Tuesday, July 24, 2012

Top Ten MG Books With Vivid Worlds


Today's Top Ten Tuesday theme is TOP TEN MOST VIVID WORLDS. As usual, mine has a middle grade spin. Here are some of my favorite and most unforgettable settings--worlds that made such an impression on my mind that I feel as though I've been there. Although I've only listed the first book, many of these have sequels or are part of a larger series, so lucky readers can immerse themselves in these worlds again and again.






J. R. R. Tolkien


The Hobbit 
Middle-Earth










J. K. Rowling





Harry Potter 
Hogwarts








R. L. LaFevers


Theodosia and the Serpents of Chaos 
Edwardian London












C. S. Lewis



The Lion, the Witch, and the Wardrobe
Narnia












A. A. Milne



Winnie-the-Pooh 
The Hundred-Acre Wood








Roald Dahl


Charlie and the Chocolate Factory 
Willie Wonka's Factory








Anne McCaffrey



Dragonsong
Pern











L. Frank Baum


The Wonderful Wizard of Oz
Oz











Nancy Farmer

The Sea of Trolls
The lands of the Vikings











Angie Sage

Magyk
The world of Septimus Heap











And I'm adding an extra. I'm only halfway through the first book in the series, but the world of Luxa and Henry has already come alive in my imagination.

Suzanne Collins


 Gregor the Overlander
 The Underland









What literary worlds do you find most vivid and memorable?

14 comments:

Christina Farley said...

I love the list of books you mentioned. Each of those does such a great job on world building as well.

Katharina Brendel said...

So proud I know most of these books ;) I haven't read Dragonsong but the cover already makes the world look magical!

Margo Berendsen said...

I think I'm going to have to read a hundred new books after this particular Top Ten. The Sea of Trolls, Theodosia, the Overlander...

DMS said...

What an excellent list! I love Harry Potter and think the magical world that JK WRowling created is very vivid in my mind. I have read many of the books on your list and love them. I haven't read Magyk- but hope to read it soon. Theodosia and the Serpents of Chaos looks interesting.

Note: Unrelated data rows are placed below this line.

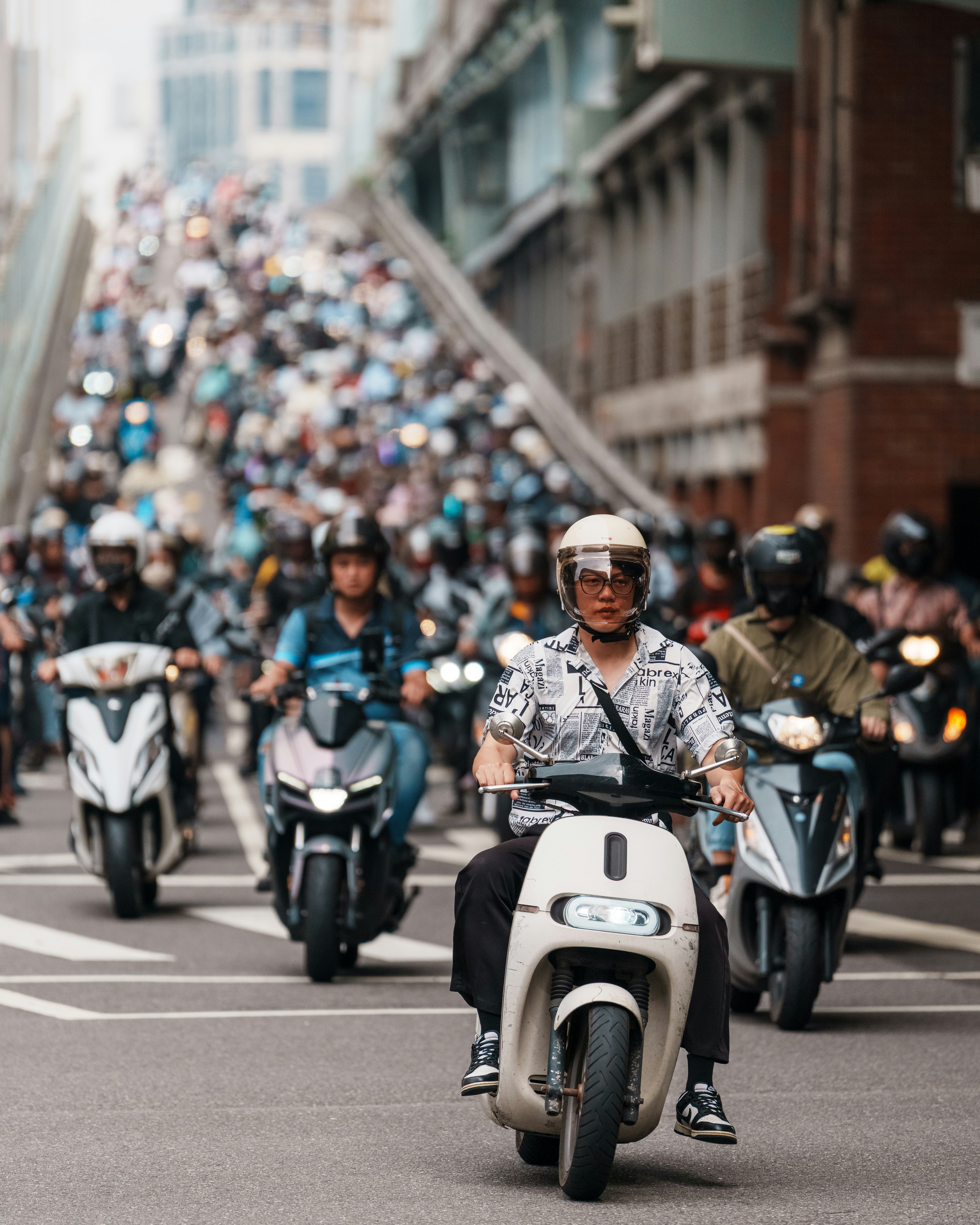 Many people riding scooters on a busy city street.
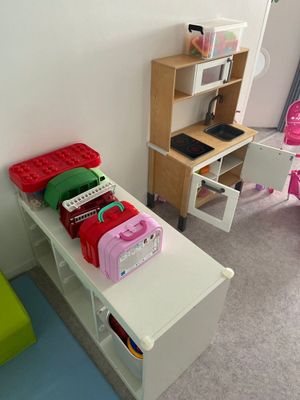 une table blanche avec une chaise rose et une chaise verte dans un coin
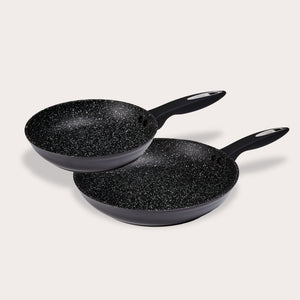 Two Zyliss Ultimate Non-Stick Frying Pans, each with a black handle and Swiss non-stick coating with white speckles, are stacked on a light background. The pans are different sizes. #2Pc_Set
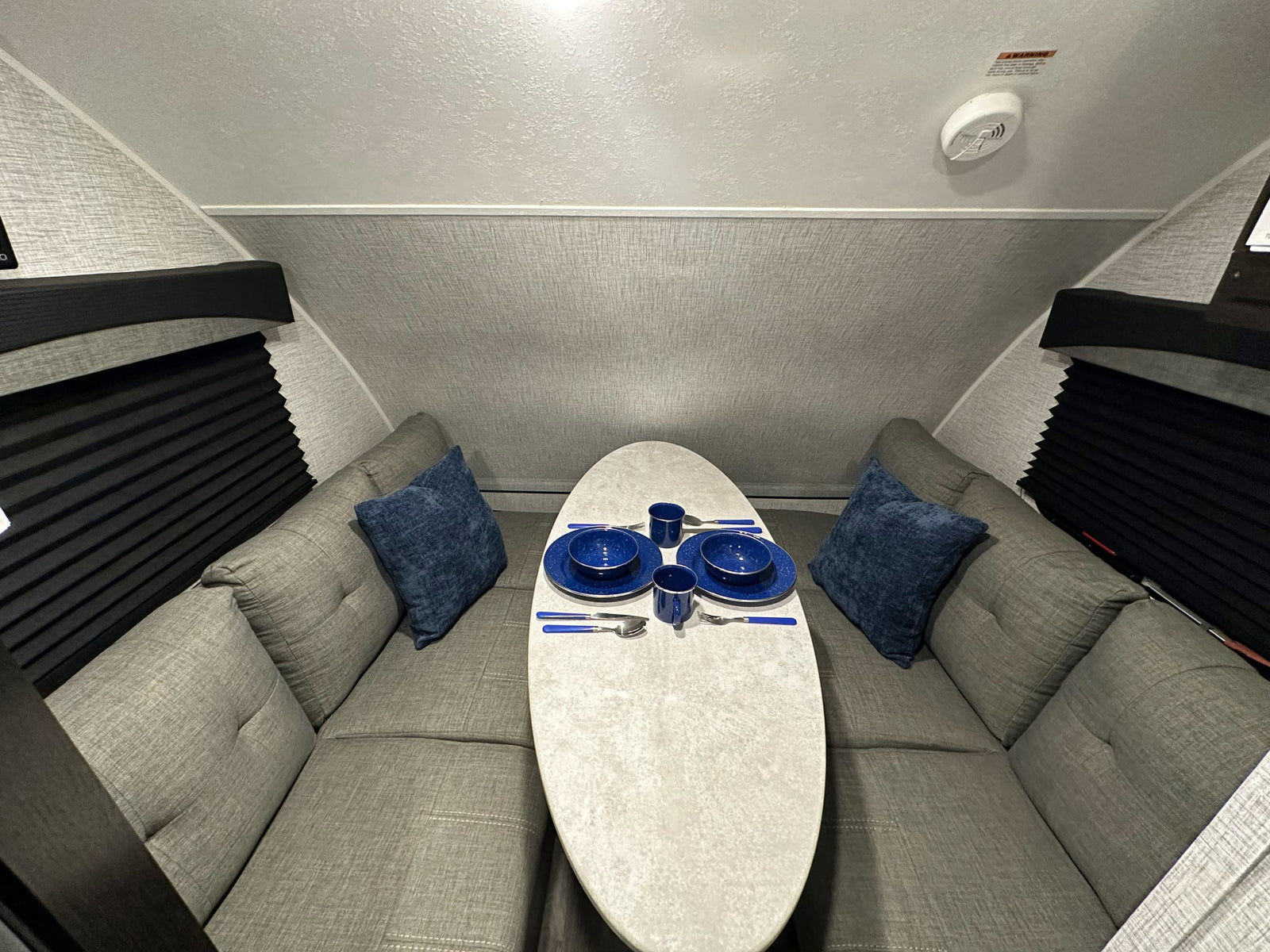 Inside an RV rental: a cozy U-shaped dinette with grey cushions, a white table set with blue dishes, and black window blinds.
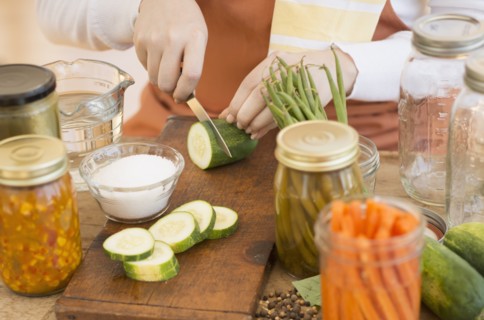 Woman preparing vegetables to preserve it.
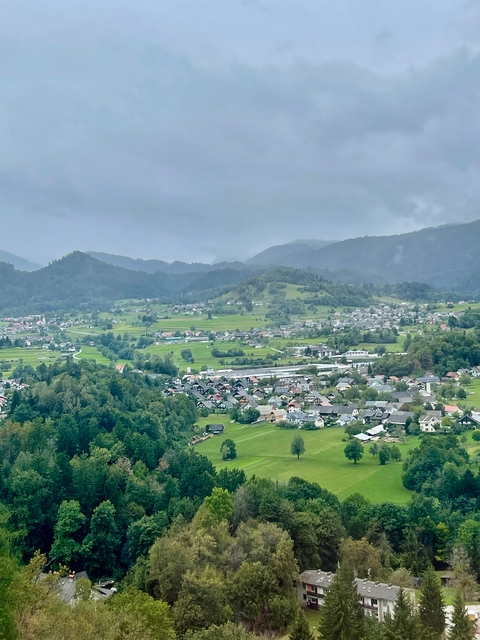 Wide valley with small houses and green hills in the background.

I hope you continue to enjoy Gregor! I read the series before The Hunger Games was written and really enjoyed it. The underworld is a fascinating place.

Jenn said...

Oooh...the Pern books are a great choice! It's been so long since I read those, but I remember loving them.

Ruth Donnelly said...

Thanks, Christina!

Katharina, hope you give Dragonsong a try. I enjoyed McCaffrey's Harper Hall Trilogy years ago, but they always stuck with me, and I recently reread them when the author passed away.

Margo, I'm glad you got some good recommendations! There's never enough time to read everything, is there?

DMS, I definitely want to read more Underland books. I love how Collins put an urban twist on Alice in Wonderland. She said something about how city kids would fall down a manhole, not a rabbit hole, and they wouldn't find a tea party.

Ruth Donnelly said...

Thanks, Jenn! They are unforgettable, aren't they?

Jennifer said...

Such a great and nostalgic list! Narnia, Hogwarts, Hundred Acre Wood...so awesome! Thanks for visiting!

Jennifer @ Feminist Fairy Tale Reviews

Michael @ The Bookshelf Review said...

New Follower. Totally forgot about Narnia and wizard of oz. Thanks for visiting My TTT

Deb Marshall said...

I like this post! And you know, I have not read Sea of Trolls yet. Must get that changed.

p.s. I LOVE your blog name!

Ruth Donnelly said...

Jennifer, I enjoyed your top ten list. Thanks for stopping by mine! :)

Michael, thanks for following. Your list was great, too.

Deb, hope you like it! I'm looking forward to reading the rest of the books in the series.

Anonymous said...

Love your blog and great choices. In terms of MG, you really picked great ones there. And anyone who likes Winnie the Pooh is awesome.

If you delve into the YA or upper adult stream of course, the list goes on and on....Lord of The Rings, Hunger Games series, Divergent.

World building and description are things I marvel at in authors because I cannot even begin to fathom how to actually write that. I feel I lack that ability (well, actually, I haven't really tried,,,but description and stuff is like over my head at this point)..maybe I'm not meant to delve into that "type" of story...but in the meantime, reading these tales is infatuating.

Jill

Anonymous said...

Oh...The Percy Jackson series...truthfully I only got through the first three (I ought to read the others, I'd love to, but I'd have to refresh myself on the first ones before that)...but they are great MG series also.

Ruth Donnelly said...

I agree, Jill, it's kind of mind-boggling how some authors can create a world that is so real. I feel like characterization comes more naturally to me, and I have to struggle more with setting.

Anon, I enjoyed the first in that series, but I guess I wasn't enough of a fan to read the rest. I hear his new series is good.